About app-ads.txt & ads.txt Manager
In June 2017, the IAB (The Interactive Advertising Bureau Tech Lab) launched ads.txt, a file enabling web publishers to designate authorized digital sellers of their ad inventory. Ads.txt helped the industry distinguish real supply sources from fake ones, and after its immediate success and adoption, the next logical step was to extend the reach of ads.txt into the mobile app ecosystem. App-ads.txt is the mobile in-app equivalent of this specification, which mobile publishers can implement.
The app-ads.txt file is the version of ads.txt for mobile in-app and OTT advertising, to combat bad actors that disguise themselves as another company’s app in order to siphon the money that advertisers are spending on mobile and OTT advertising. App-ads.txt files are formatted the same as ads.txt files (view IAB FAQ for ads.txt and app-ads.txt).
Thanks to app-ads.txt file, Mobile and OTT app publishers can list the ad tech vendors that are authorized to sell or resell their ad inventory, and programmatic ad buyers can check these lists to make sure that a company claiming to offer an app’s inventory is actually able to sell the app’s inventory.
It is an IAB-approved text file that aims to prevent unauthorized inventory sales. In a fragmented advertising ecosystem, ads.txt serves as a method of improving transparency for demand side platforms. In fact, DSPs aren’t buying web supply that isn’t authorized via ads.txt.

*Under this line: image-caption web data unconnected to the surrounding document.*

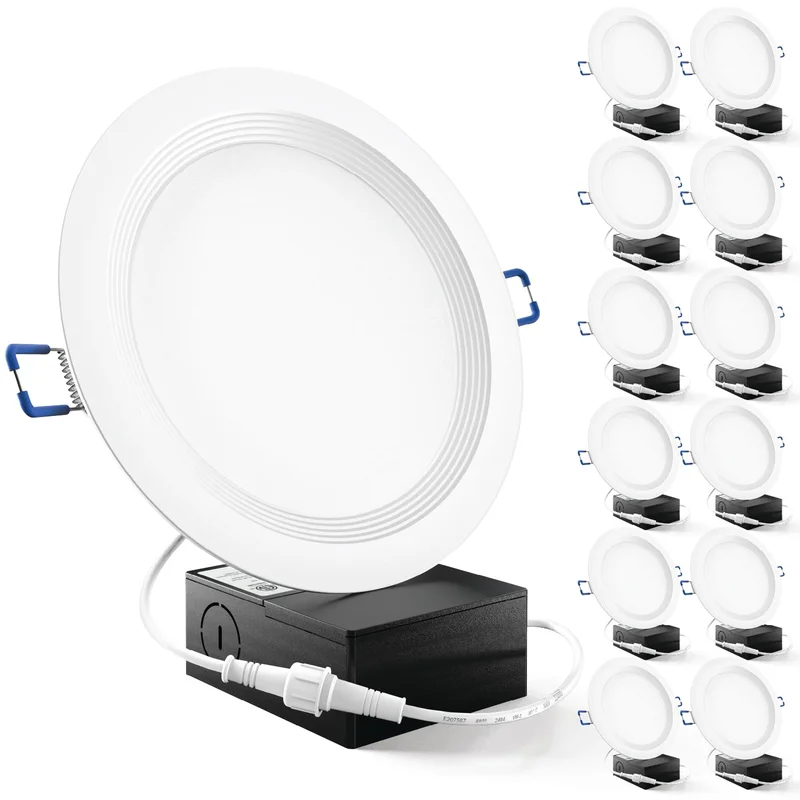 lightsdaddy460416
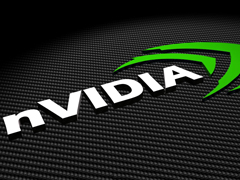 70ԪNVIDIAչоƬMellanox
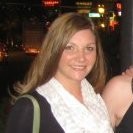 Mike Jackson GM Employee Courtney Jackson's profile photo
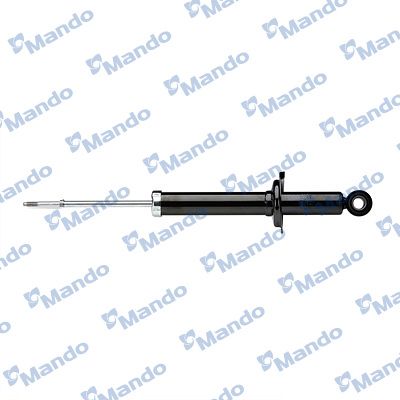 Амортизатор MANDO EX5531138601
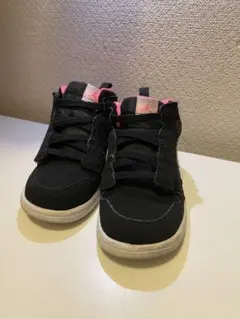 NIKE エアジョーダン　キッズ　13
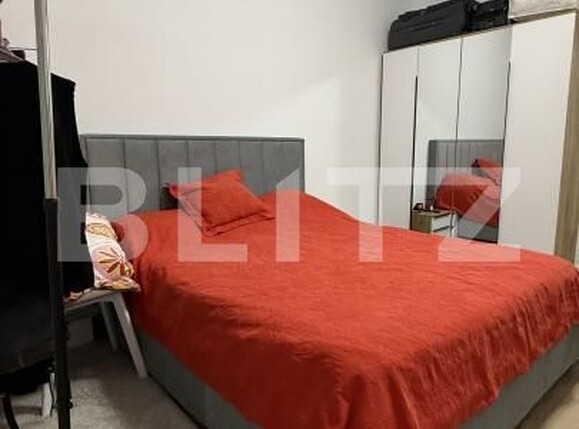 Apartament de vânzare 2 camere Calea Sighisoarei - 187138AV | BLITZ Târgu Mureș | Poza10
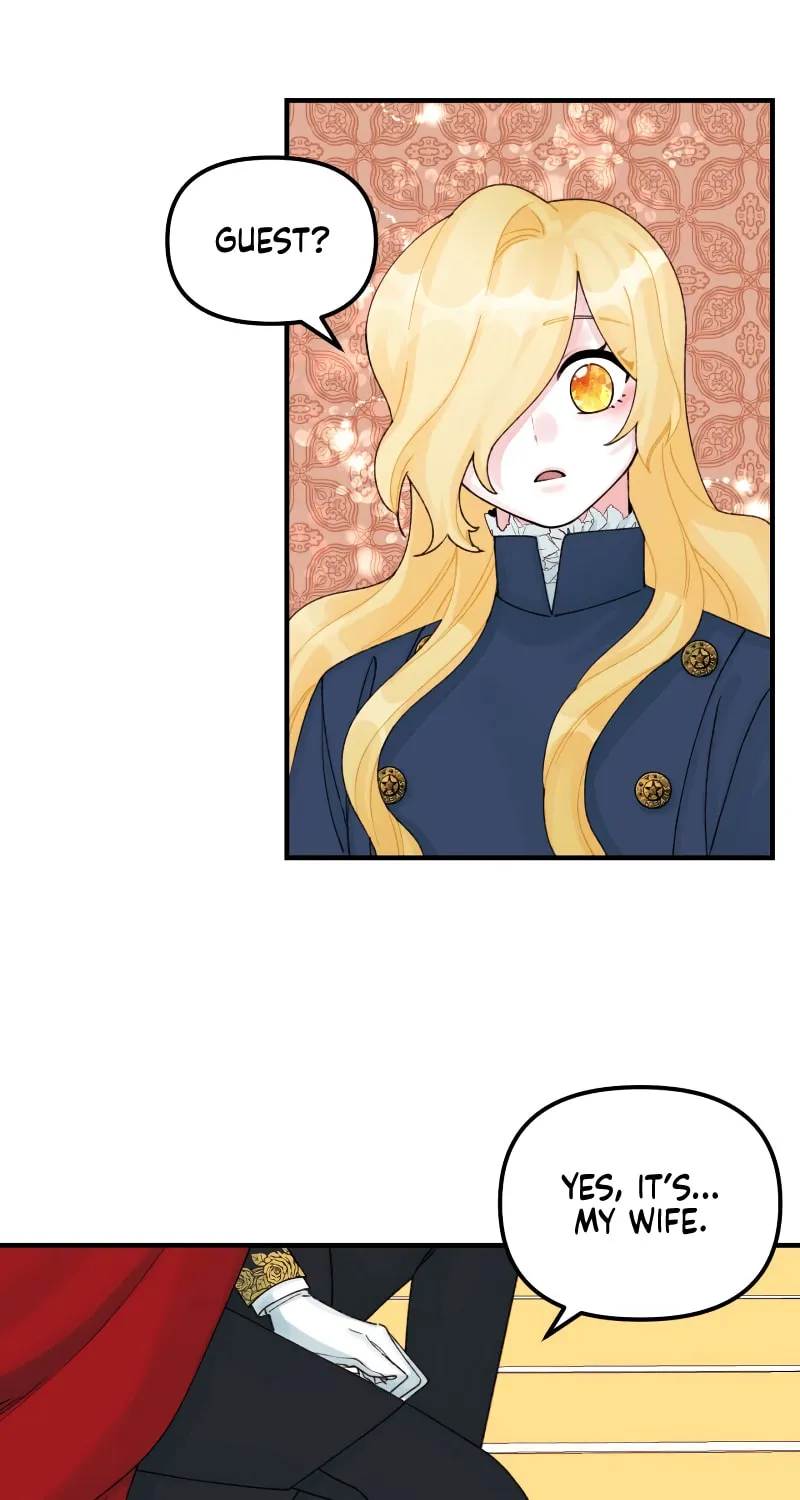 Read Princess in the Rough chapter 29 image 37 on Lezhin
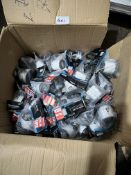 Large Box of Hepa Filters. RRP £200- Grade A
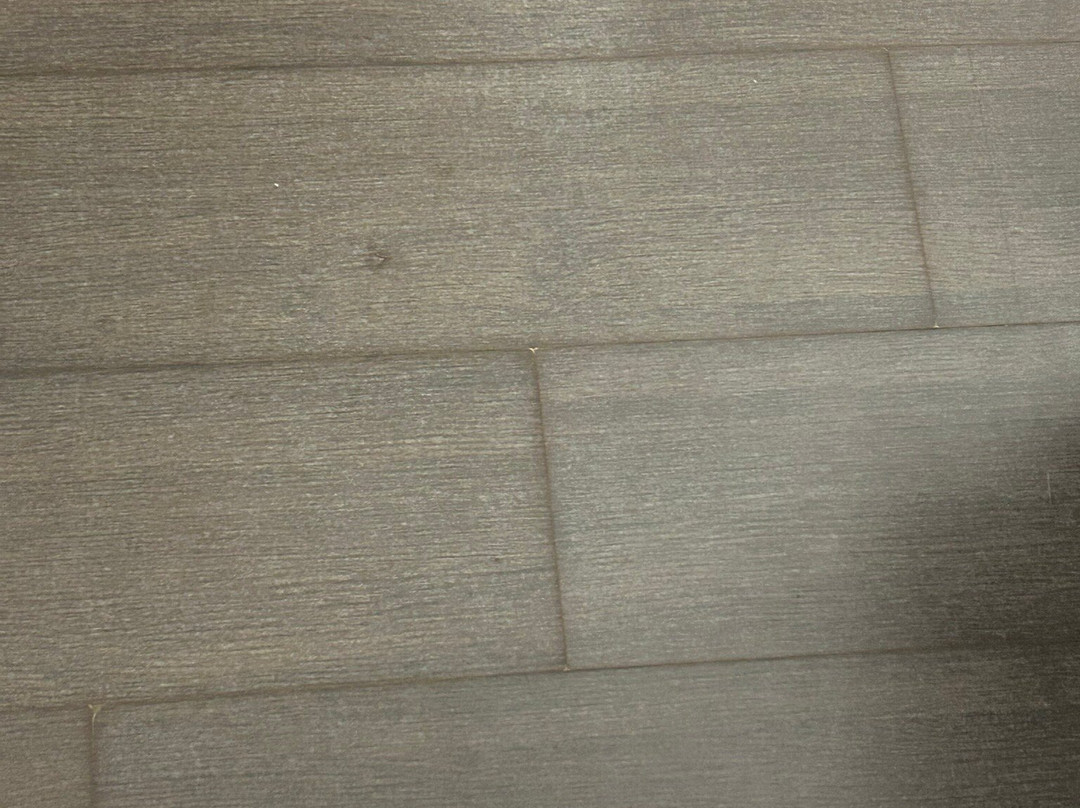 Grand Hotel Villa Itria主图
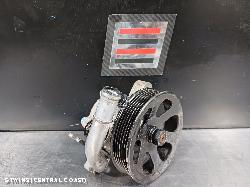 2010 Kia Carnival/Grand Carnival Steering Pump 0000228649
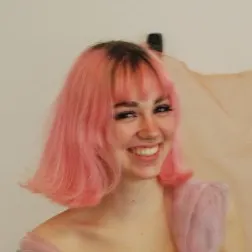 Amira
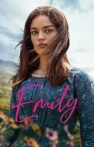 Emily izle Emily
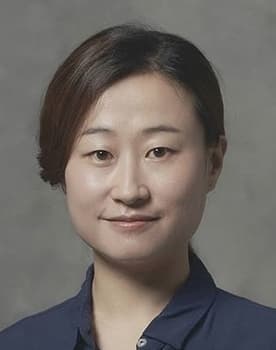 Lee Ji-hye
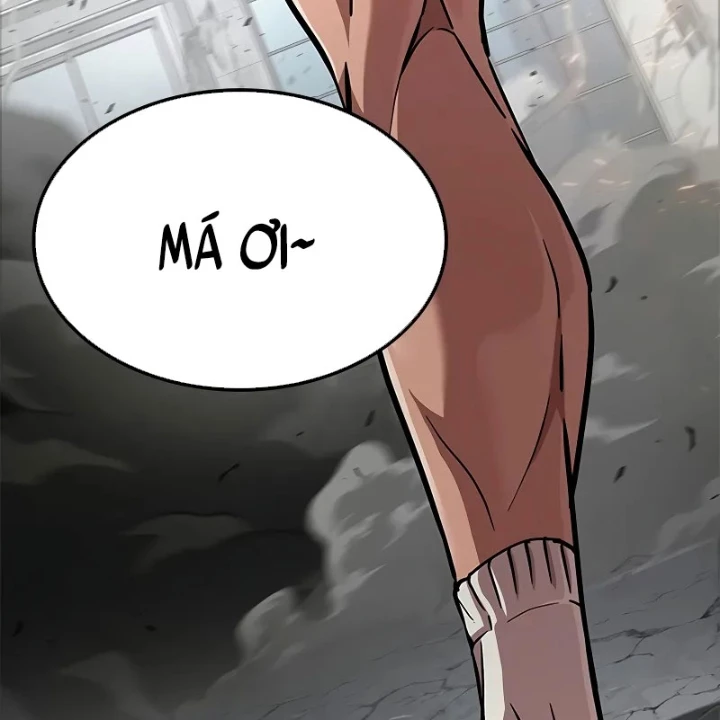 Từ Youtuber Thể Hình Triệu View Thành Kẻ Vô Dụng Trong Thế Giới Webtoon Chapter 1 - Trang 3
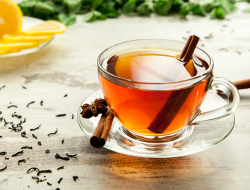 9 Manfaat Kayu Manis untuk Kesehatan: Mulai dari Mengurangi Nyeri Haid hingga Mencegah Penyakit Jantung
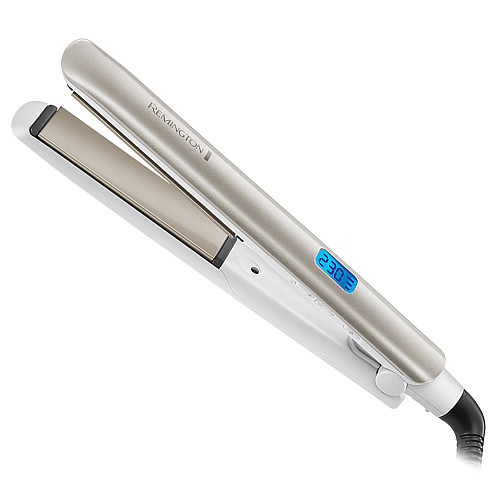 Выпрямитель волос Remington S8901 Hydraluxe (6664406)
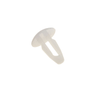 Rivets - RPC9920-ND - DigiKey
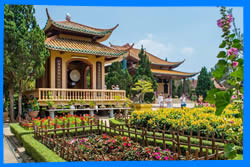 Вьетнам Отели и Туристический Путеводитель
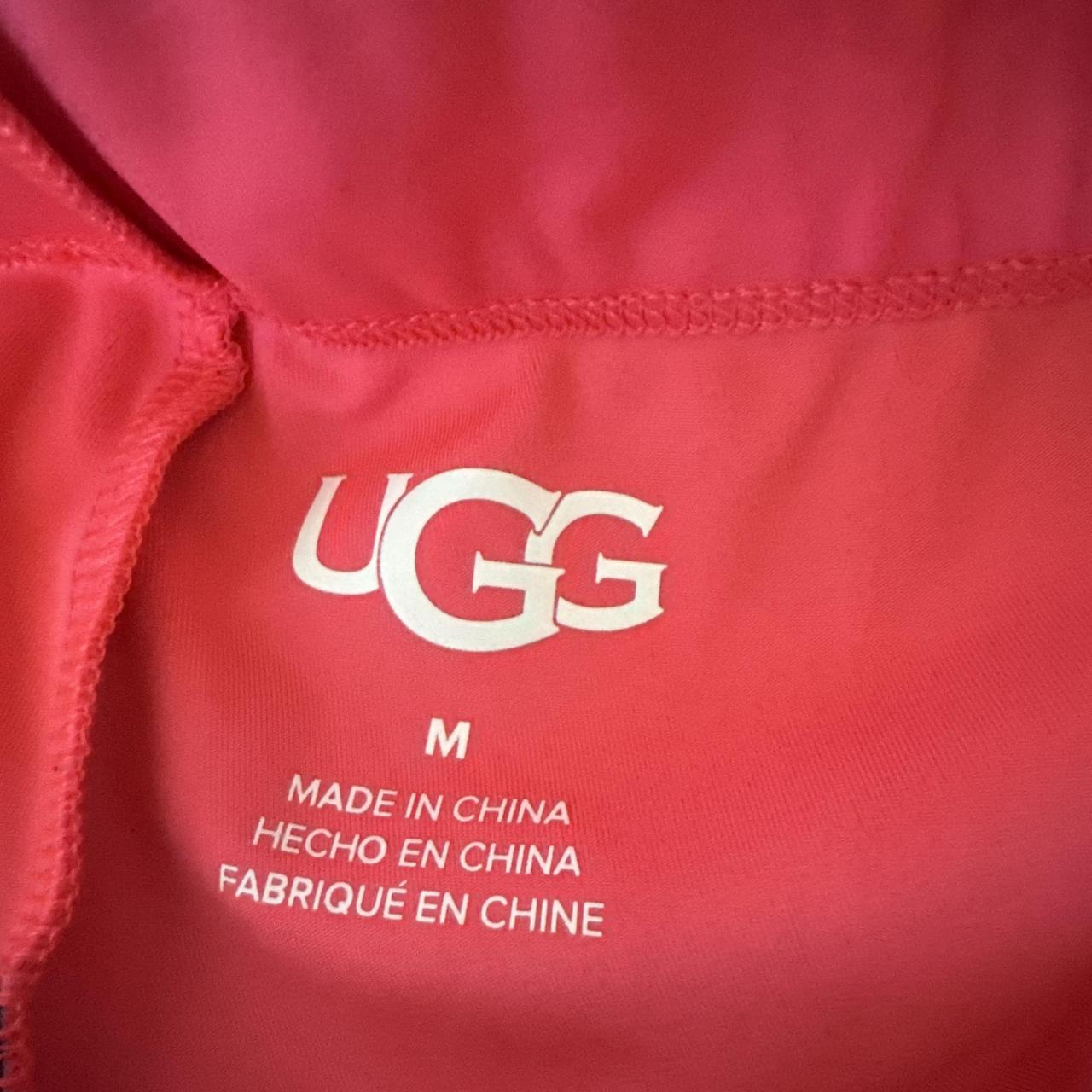 UGG Women's Leggings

Concretly, publishers drop a text file on their web servers that lists all of the companies that are authorized to sell the publishers’ inventory. Similarly, programmatic platforms also integrate ads.txt files to confirm which publishers’ inventory they are authorized to sell. This allows buyers to check the validity of the inventory they purchase.
This file opens the door for a new level of transparency.